YAML Reference

This reference provides a comprehensive guide to all YAML keys and parameters supported by Pointblank’s YAML validation workflows. Use this document as a quick lookup when building validation configurations.

Global Configuration Keys

Top-level Structure

tbl: data_source                       # REQUIRED: Data source specification
df_library: "polars"                   # OPTIONAL: DataFrame library ("polars", "pandas", "duckdb")
tbl_name: "Custom Table Name"          # OPTIONAL: Human-readable table name
label: "Validation Description"        # OPTIONAL: Description for the validation workflow
lang: "en"                             # OPTIONAL: Language code (default: "en")
locale: "en"                           # OPTIONAL: Locale setting (default: "en")
brief: "Global brief: {auto}"          # OPTIONAL: Global brief template
thresholds:                            # OPTIONAL: Global failure thresholds
  warning: 0.1
  error: 0.2
  critical: 0.3
actions:                               # OPTIONAL: Global failure actions
  warning: "Warning message template"
  error: "Error message template"
  critical: "Critical message template"
  highest_only: false
steps:                                 # REQUIRED: List of validation steps
  - validation_method_name
  - validation_method_name:
      parameter: value

Data Source (tbl)

The tbl key specifies the data source and supports multiple formats:

# File paths
tbl: "data/file.csv"
tbl: "data/file.parquet"

# Built-in datasets
tbl: small_table
tbl: game_revenue
tbl: nycflights

# Python expressions for complex data loading
tbl:
  python: |
    pl.scan_csv("data.csv").filter(pl.col("date") >= "2024-01-01")

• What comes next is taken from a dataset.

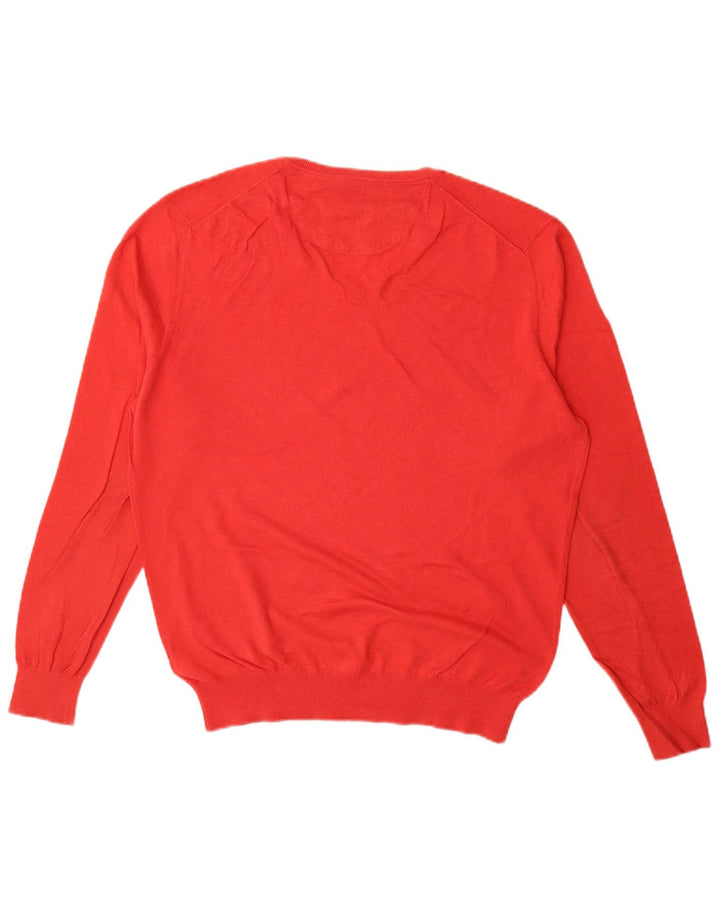 MASSIMO DUTTI Herre V-hals sweater Stor rød kashmir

DataFrame Library (df_library)

The df_library key controls which DataFrame library is used to load data sources. This parameter affects both built-in datasets and file loading:

# Use Polars DataFrames (default)
df_library: polars

# Use Pandas DataFrames
df_library: pandas

# Use DuckDB tables (via Ibis)
df_library: duckdb

Examples with different libraries:

# Load built-in dataset as Pandas DataFrame
tbl: small_table
df_library: pandas
steps:
  - specially:
      expr: "lambda df: df.assign(validation_result=df['a'] > 0)"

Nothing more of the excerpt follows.